▸ WHAT TO WORK ON
Leave the pictures out, and transcribe the material below exactly from the line with "-江三王记牛杂馆(总店)" to the line with "Андрей Таран - Таран: У", both lines included.

▸ EXCERPTED RECORDS
------

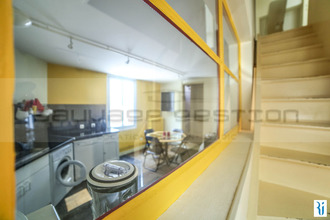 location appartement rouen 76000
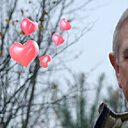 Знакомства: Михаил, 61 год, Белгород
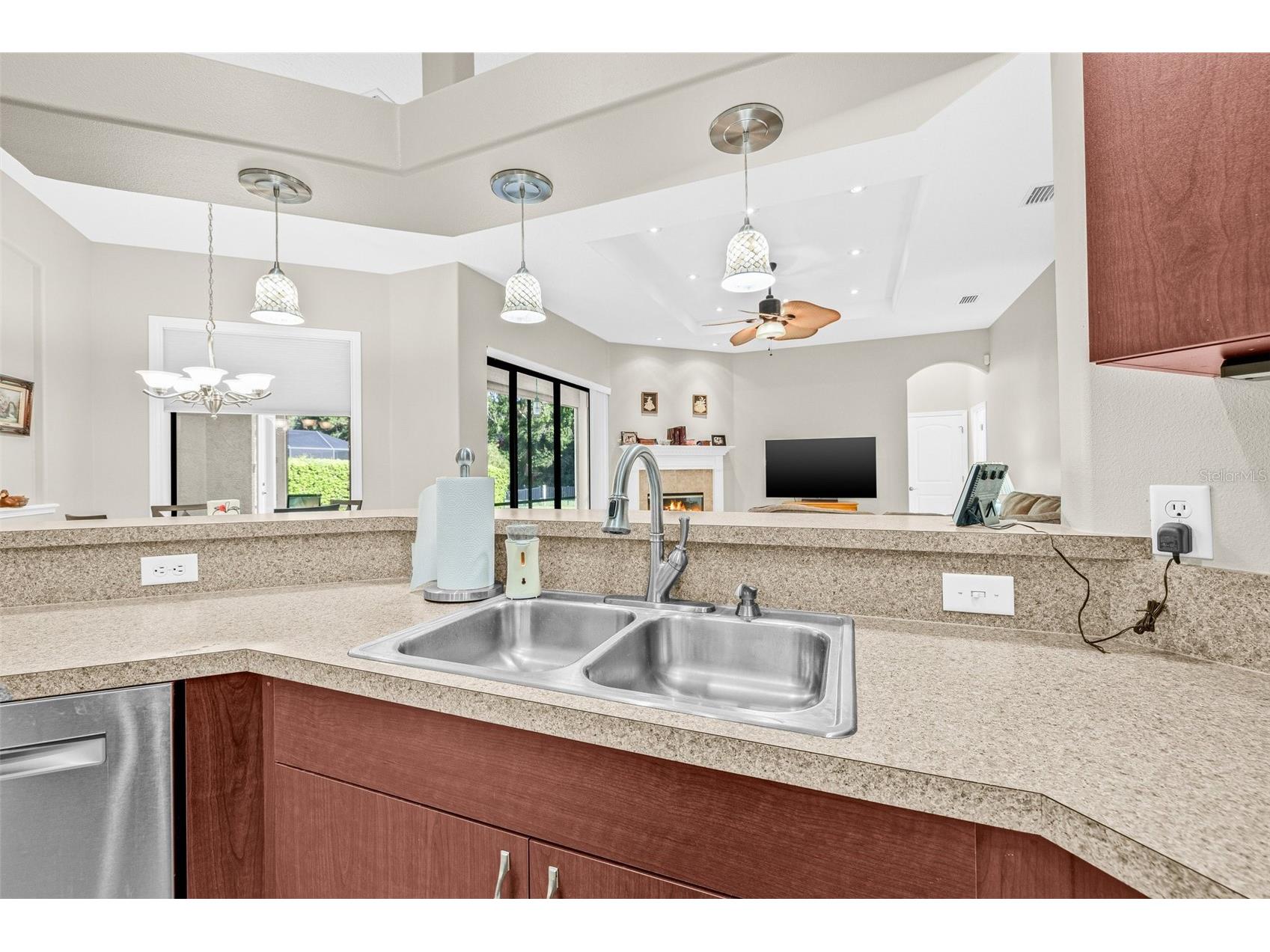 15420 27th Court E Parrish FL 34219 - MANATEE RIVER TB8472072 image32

------

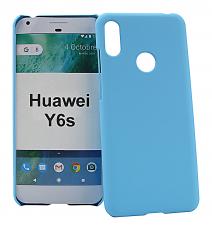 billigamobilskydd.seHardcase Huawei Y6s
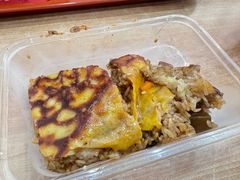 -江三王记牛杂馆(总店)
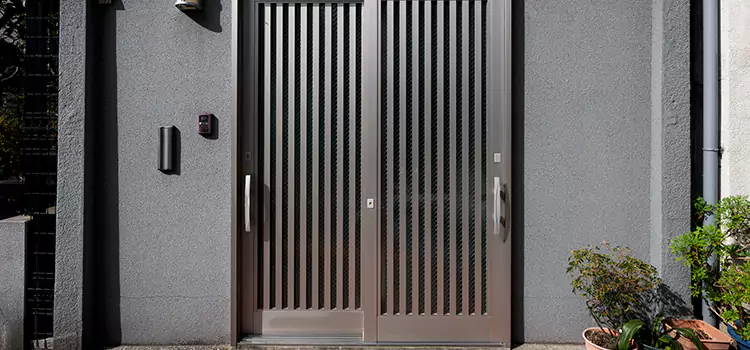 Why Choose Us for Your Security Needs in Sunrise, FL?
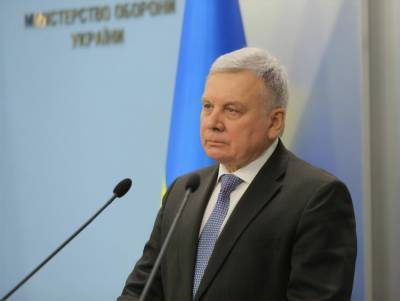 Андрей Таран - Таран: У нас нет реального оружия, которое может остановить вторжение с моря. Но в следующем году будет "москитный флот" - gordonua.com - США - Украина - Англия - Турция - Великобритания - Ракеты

------

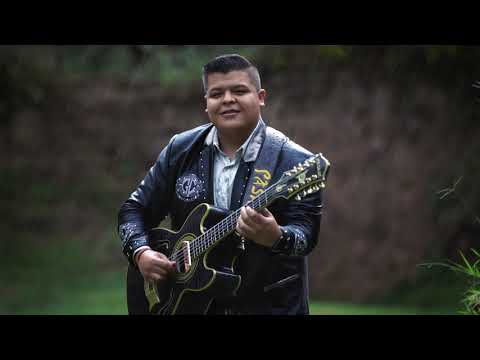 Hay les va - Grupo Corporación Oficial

------

▸ ANSWER BOX
 -江三王记牛杂馆(总店)
 Why Choose Us for Your Security Needs in Sunrise, FL?
 Андрей Таран - Таран: У нас нет реального оружия, которое может остановить вторжение с моря. Но в следующем году будет "москитный флот" - gordonua.com - США - Украина - Англия - Турция - Великобритания - Ракеты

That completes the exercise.